IT IS A WEEK of renewed social crisis in the United States, which means American companies are quickly lining up to pay lip service to the cause. Just like its tech giant competitors at Facebook, Apple, and Google, Amazon tweeted vaguely in favor of the principles of social justice and equitable policing, a predictable and predictably tinny expression of corporate solidarity with “the fight against systemic racism and injustice.” But Amazon is arguably singular among its mega-tech peers in its determination to provide American law enforcement with tools experts say only enable racist policing.

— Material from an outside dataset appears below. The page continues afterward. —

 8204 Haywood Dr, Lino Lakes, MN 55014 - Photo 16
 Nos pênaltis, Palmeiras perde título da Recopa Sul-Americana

In their rush to appear sympathetic to the rough contours of social justice — while keeping their legal, public relations, and social media teams in agreement — some companies seem to be forgetting what it is they actually do. When Nextdoor, a social network with a well-documented pattern of stoking the worst kinds of racial panic, tweets an image reading “BLACK LIVES MATTER,” it’s difficult to take seriously. But while Nextdoor is merely content to rationalize and streamline urban and suburban residential paranoia into a tidy algorithmic feed, a growing portion of Amazon’s business, as Wired’s Sidney Fussell noted yesterday, is expanding its public/private video surveillance dragnet across the country with an explicitly “anti-crime” mission.
In 2018, the ACLU published a report showing that Amazon’s “Rekognition” facial recognition software was fundamentally racially biased, disproportionately misidentifying, in ACLU’s test, black members of Congress as people who were arrested and had their mugshot in a police database. “The false matches were disproportionately of people of color, including six members of the Congressional Black Caucus, among them civil rights legend Rep. John Lewis (D-Ga.),” read the report. “Nearly 40 percent of Rekognition’s false matches in our test were of people of color, even though they make up only 20 percent of Congress.” A report published that same year by an MIT team found, similarly, that Rekognition misclassified darker-skinned women as men 31 percent of the time.
The ACLU report added, “People of color are already disproportionately harmed by police practices, and it’s easy to see how Rekognition could exacerbate that.” As the ACLU and other artificial intelligence researchers have made clear, the threat of computerized misidentification isn’t just an academic error, but a potentially ruinous one that could improperly influence police officers prior to an encounter, or even cause them to seek a search warrant, by presenting them with a false criminal history.
It’s difficult to reconcile this reality with a recent tweet from Amazon executive Andy Jassy, chief of Amazon Web Services, the cloud computing division which operates Rekognition:
As Wired’s Fussell astutely pointed out, Jassy has previously defended Rekognition’s use by police on the grounds that the company’s “terms of service” U.S. Constitution would prevent any abuse.
Equally thin Amazon’s companywide statement:
The inequitable and brutal treatment of Black people in our country must stop.
Together we stand in solidarity with the Black community — our employees, customers, and partners — in the fight against systemic racism and injustice.
What exactly does it mean to oppose the discriminatory policing of black Americans while simultaneously selling discriminatory tools to the police — or while operating Ring, a surveillance network predicated on the detection and elimination of racially coded “suspicious activity,” which funnels video directly to local police and which once handed out to employees blue and black Ring-branded novelty police badge stickers emblazoned with “FUCK CRIME” on the front?
In a statement to The Intercept, ACLU technology attorney Jacob Snow said that “If Amazon and Andy Jassy really stand in solidarity with the black community, then they should stop selling facial recognition surveillance technology that supercharges police abuse against the black community. They should also stop firing workers organizing for better conditions in Amazon warehouses. Real solidarity goes beyond empty posts on social media that do nothing to protect black people.”
Liz O’Sullivan, a privacy researcher and advocate who quit her job at AI surveillance firm Clarifai last year over ethical concerns, told The Intercept that the services Amazon provides to police nationwide “may enable these officers to track and suppress those protesting and speaking out against racial injustice” through the use of facial recognition. “Surveillance is a racial justice issue,” O’Sullivan added. “The two cannot be separated.”
I asked Amazon and Jassy repeatedly whether they would permit the use of Rekognition to identify individuals protesting against police violence, and whether the company would more generally reassess or modify the ways in which police use Rekognition, and received no response. Given that Amazon refuses to even disclose which law enforcement agencies use Rekognition to begin with, it’s probably no surprise that they wouldn’t provide clarity on how the software is used or not used. It’s one thing to quietly profit from an unjust system, and quite another to decry its existence while selling the very software it runs on.